Crestron gets a smart home tablet speaker made for your "Zoom room"

The office conference rooms are empty, and their expensive video calling systems sit idle: in 2020, we take our virtual meetings from home, and Crestron wants to bump up the audio quality, and the convenience. Enter the Crestron MM30-R, both a speaker system for your pick of the video calling apps, and a touchscreen tablet designed to control your smart home.

On the one hand, it's a USB speakerphone and microphone array. The MM30-R has a high-fidelity speaker and four microphones with long-range pickup around 360-degrees. It's designed to be app-agnostic, rather than dedicated to a single conferencing service.

At the same time, it's also a 7-inch touchscreen control panel for the smart home. There, it's designed to work with Crestron Home, the consumer IoT platform the company launched about a year ago. Unlike other home automation systems, it's professionally installed for maximum convenience, though of course you do have to pay for that process.

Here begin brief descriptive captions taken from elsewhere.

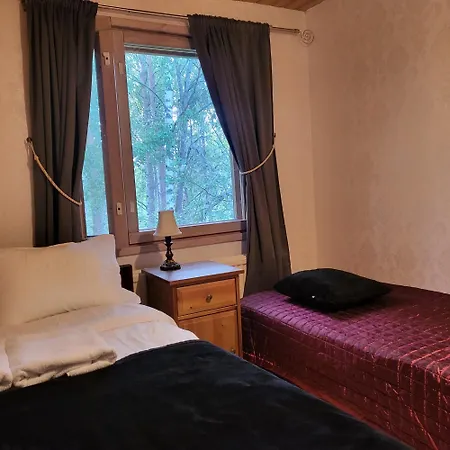 Проживание в семье Noora Пори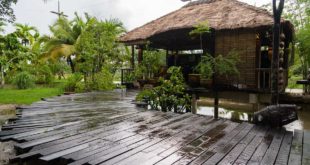 ร้านเรือนไม้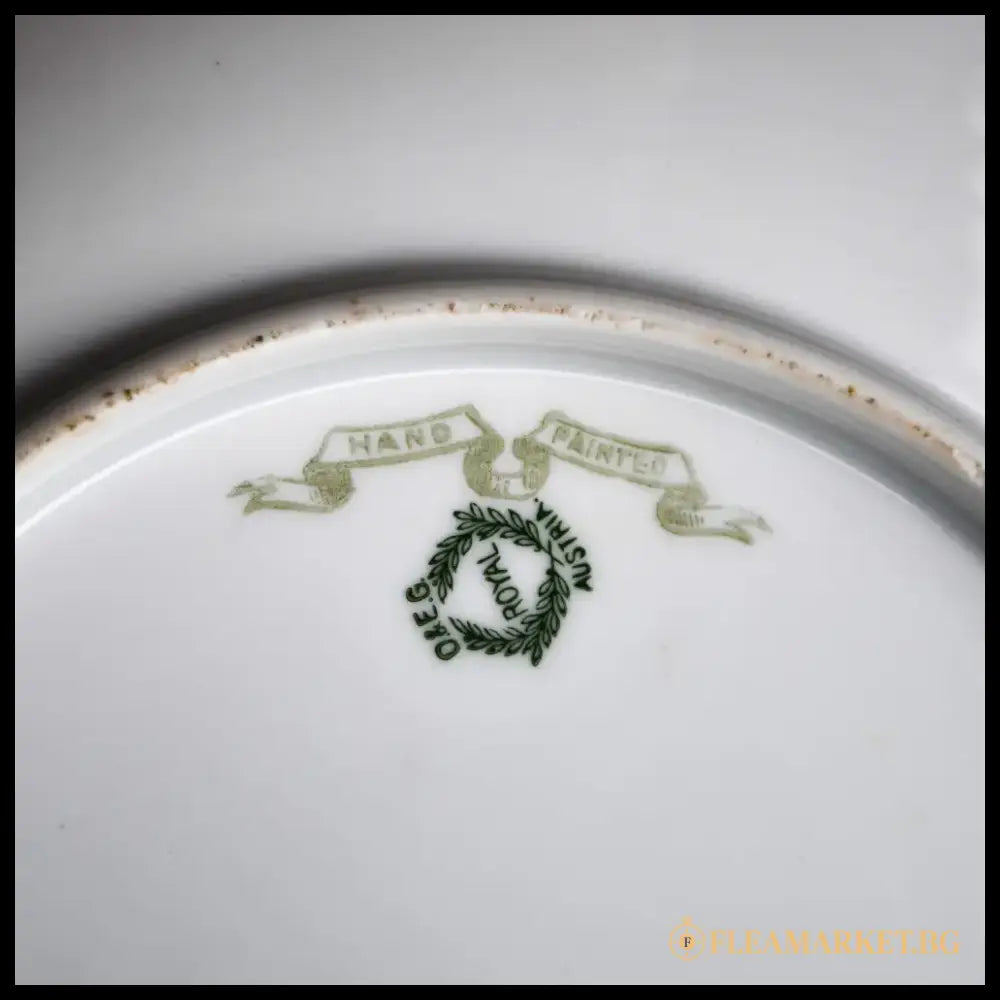 Колекционна чиния на O & E.G. Royal Austria - antique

From the touchscreen, you can control lights, shades, music – including Sonos speakers – and more. Crestron is expecting it to be configured with scenes, effectively macros that combine multiple actions into one button-press.

An "On A Call" scene, for example, might close the shades, adjust the lighting so you look your best on camera, mute the music, and turn off the TV. Crestron even sells a "room is busy" indicator light you can install outside the office. On the other side of your Zoom, Google Meet, Microsoft Teams, or whatever else, an "Off A Call" scene could revert everything again.

According to John Clancy, VP of Residential at Crestron, the company did have a device like the MM30-R on the roadmap, but it wasn't originally meant to be released quite yet. "This is something we have planned all along," he told SlashGear, "but we sped up its time to market because of some feedback we've gotten from our dealers."

Helping there was the fact that this isn't entirely new hardware. Crestron already has other iterations of the touchscreen conference speaker, only focused on corporate spaces. This is the first set up to work with Crestron Home.

"There were times when the home office was a desk and a laptop, and that was good enough," Clancy says. Now, it's much more common to have a semi-permanent work space, up to and including a "Zoom room," where you don't have to unpack and configure your microphone and other equipment every time you have a meeting.

As such, simplicity is the key. One of the pain points of conference calls and video calls is inadvertently putting yourself on mute when you're trying to talk: so, the MM30-R has a big light bar, glowing red when you're muted and green when you're not. An occupancy sensor can figure out when you're in front of the touchscreen, automatically waking it up.

Although setup is designed to be straightforward, the MM30-R is intended to be offered through Crestron's dealer network. Still, Clancy concedes, given this time of social distancing, there's no reason why a dealer couldn't ship the speaker to a customer and then talk them through its installation remotely.

Once plugged in – using a supplied power-over-ethernet (PoE) adapter – it automatically locates the Crestron Home system either via ethernet or WiFi, prompts for the password, and then the room it's located in. Then it's a matter of plugging it into a computer via USB, and making sure the sound preferences are correctly routed. "Audio is actually the trickier thing for most end-users," Clancy says.

The convenience does come at a cost. The Crestron MM30-R is priced at $1,500, and of course you'll need a Crestron Home system in order to take advantage of the smart home control. For those execs who want maximum convenience with minimal headache, however, that may well be a relative bargain.